Nilai-nilai dan norma-norma itu, biasanya ditentukan oleh guardians yang menawarkan dan memberikan kenyamanan ontologis bagi para anggotanya. Abad pencerahan, sangat berkeinginan untuk menghancurkan otoritas tradisi, baik itu melalui penghapusan lembaga maupun nilai kulturalnya sehingga masyarakat mengalami detradisionalisasi. Kalangan modern, menganggap bahwa tradisi merupakan akar masalah dari gerakan konservatisme. Namun demikian, dengan adanya globalisasi dan modernisasi, ternyata tidak melenyapkan nilai tradisi, dan malahan membangkitkan kegairahan nilai-nilai tradisi di era modern dan global. Sebagian masyarakat dunia, menganggap bahwa nilai tradisional dapat mengisi ruang-kosong akibat adanya modernisasi saat ini.

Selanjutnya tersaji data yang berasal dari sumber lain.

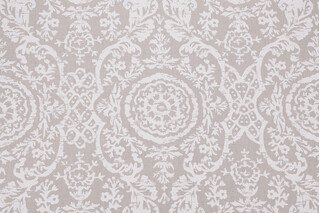 Thibaut Sansome F94155 Printed Linen Blend Drapery Fabric in White on Natural 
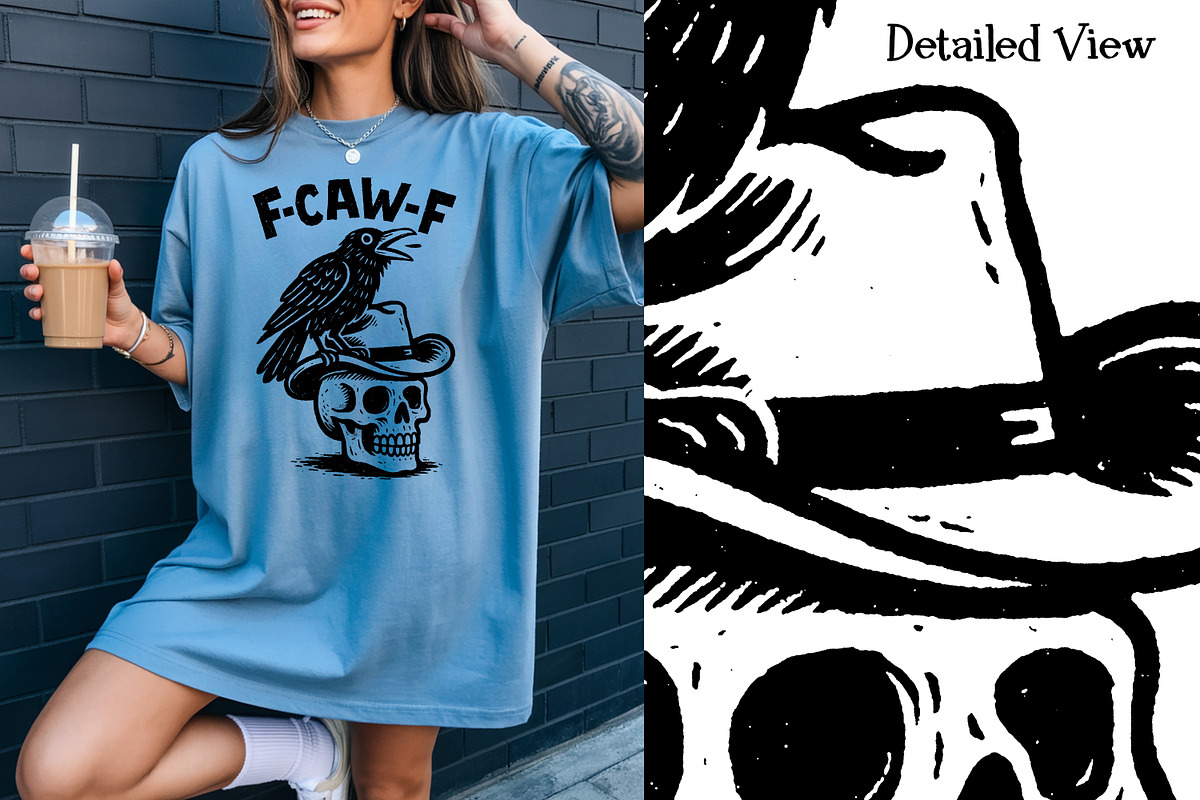 F-CAW-F Crow Sublimation PNG Set2, an Animal Illustration by Heather Green Designs (Photo 5 of 9)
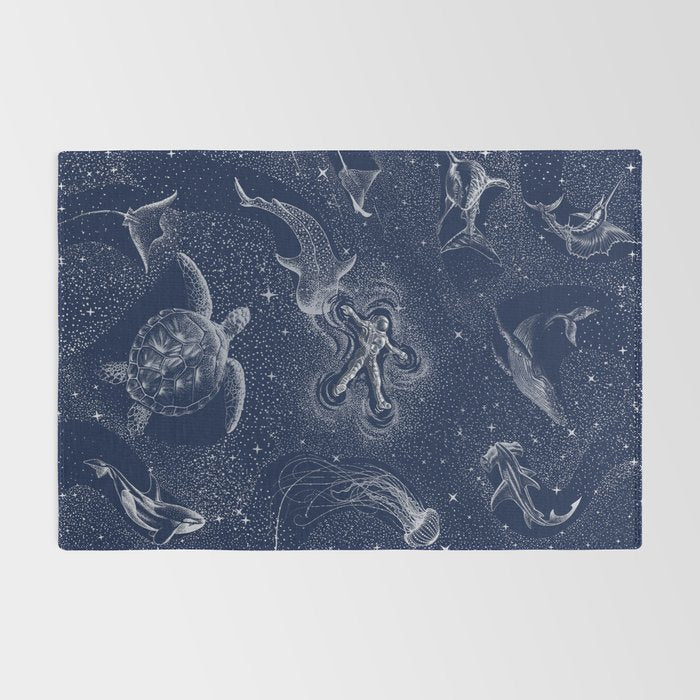 Cosmic Ocean with astronaut Rug Gallery Image 2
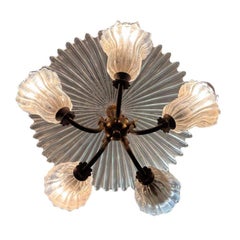 Art Deco Ercole Barovier Venini Murano Glass Chandelier 1940s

Oleh karena itu, menurut Giddens, sangat rasional jika kita mengakui bahwa tradisi dibutuhkan dalam masyarakat, karena dapat membangun kesinambungan dan memberi bentuk pada kehidupan.

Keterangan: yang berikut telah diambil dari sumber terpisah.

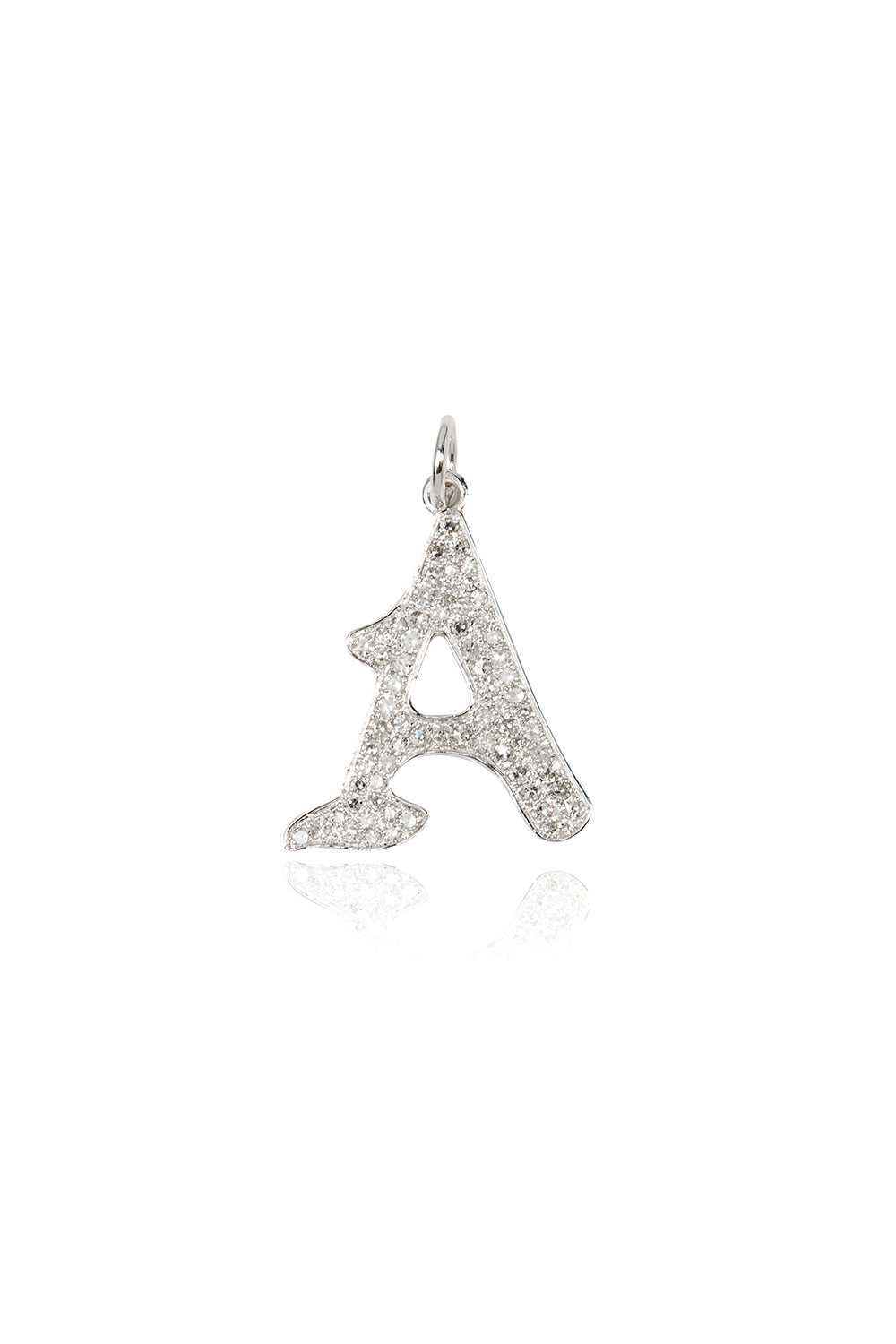 L.A. STEIN Gothic Initial Diamond Pavé Pendant A White Gold
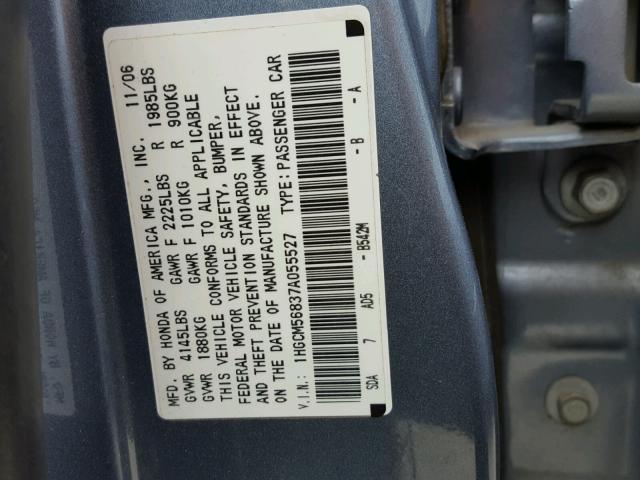 1HGCM56837A055527 - 2007 HONDA ACCORD EX BLUE photo 10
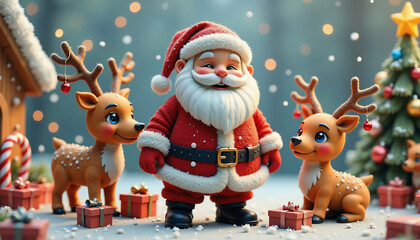 A cartoonish depiction of Santa Claus standing in front of two deer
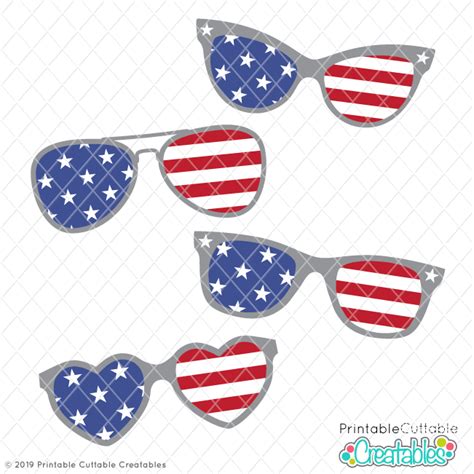 Free 4th of July Sunglasses SVG Files for Cricut & Silhouette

Untuk gerakan kebudayaan tradisional dan modernitas, kita butuh guardians (penjaga/pengawal) yang memiliki konsistensi tinggi, etos dan modal sosial lain yang kuat, sehingga dapat menjadi penyangga bagi kelangsungan kebudayaan Maluku Utara di masa-masa akan datang.


Sebuah Pemikiran

Pada posisi inilah, hal yang harus dilakukan adalah membangun kosmologi dan penguatan pandangan kepercayaan masyarakat terhadap nilai budaya itu sendiri. Perlunya pemahaman-pemahaman yang berimbang tentang kesatuan pandangan kosmos ini. Juga diperlukan pranata-pranata kebudayaan atau lembaga-lembaga setempat untuk memperkuat posisinya dalam melakukan hubungan sosial ekonomi dan konflik-konflik yang muncul. Maluku Utara sangat kaya dengan nilai-nilai kebudayaan-nya harusnya menjadi perhatian di tingkat eksekutif dan legislatif untuk mengembangkannya.

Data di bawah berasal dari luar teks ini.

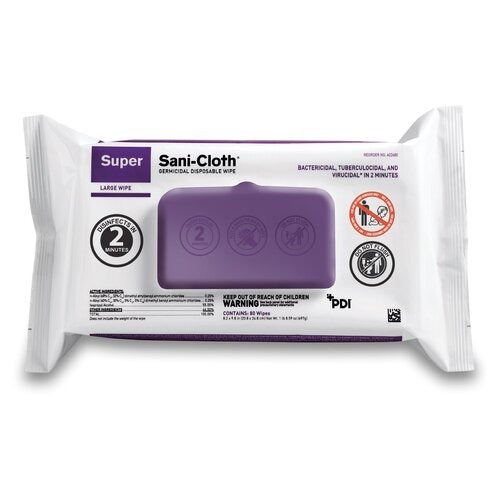 Sani Professional Super Sani-Cloth Germicidal Disposable Wipes, 1-Ply, 6 x 6.75, Unscented, White, 160/Canister, 12 Canisters/Carton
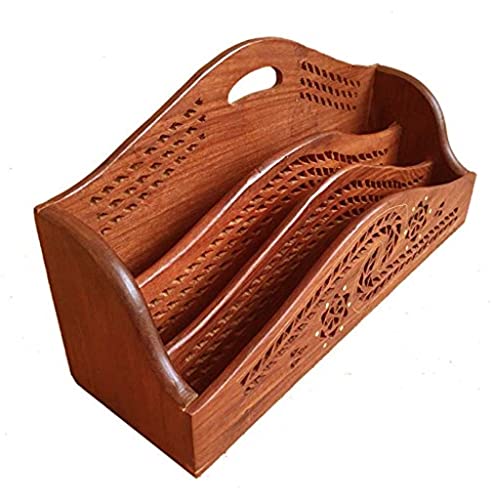 Wooden Desk Organizer - Handmade Desk Accessories for Home and Office - Elegant Storage Solution for Pens, Notepads, and more Office supplies for Table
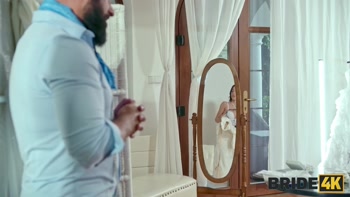 BRIDE4K. Sexy skinny brunette gave her young body to a wedding salon owner with a huge dick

Saksikan, bagaimana daerah-daerah di Indonesia mampu mengembangkan tradisi kebudayaannya dengan sangat kreatif, atraktif dan menjadi ikon bahkan mendatangkan nilai ekonomis serta devisa bagi daerahnya. Mengapa Maluku Utara tak bisa mengundang masyarakat daerah lain untuk datang ke daerah ini? Mengapa kita tidak pernah serius mengembangkan pusat-pusat kebudayaan yang ada? Mengapa kita lebih gampang bekerja dan mengembangkan pusat kebudayaan Maluku Utara dengan setengah hati? Perhatikan bagaimana Benteng Kota Janji, Benteng Kalamata, Benteng Barnaveld, Benteng Toluko, dan pusat-pusat kebudayaan lainnya hanya menjadi tempat yang sepi dari pengunjung?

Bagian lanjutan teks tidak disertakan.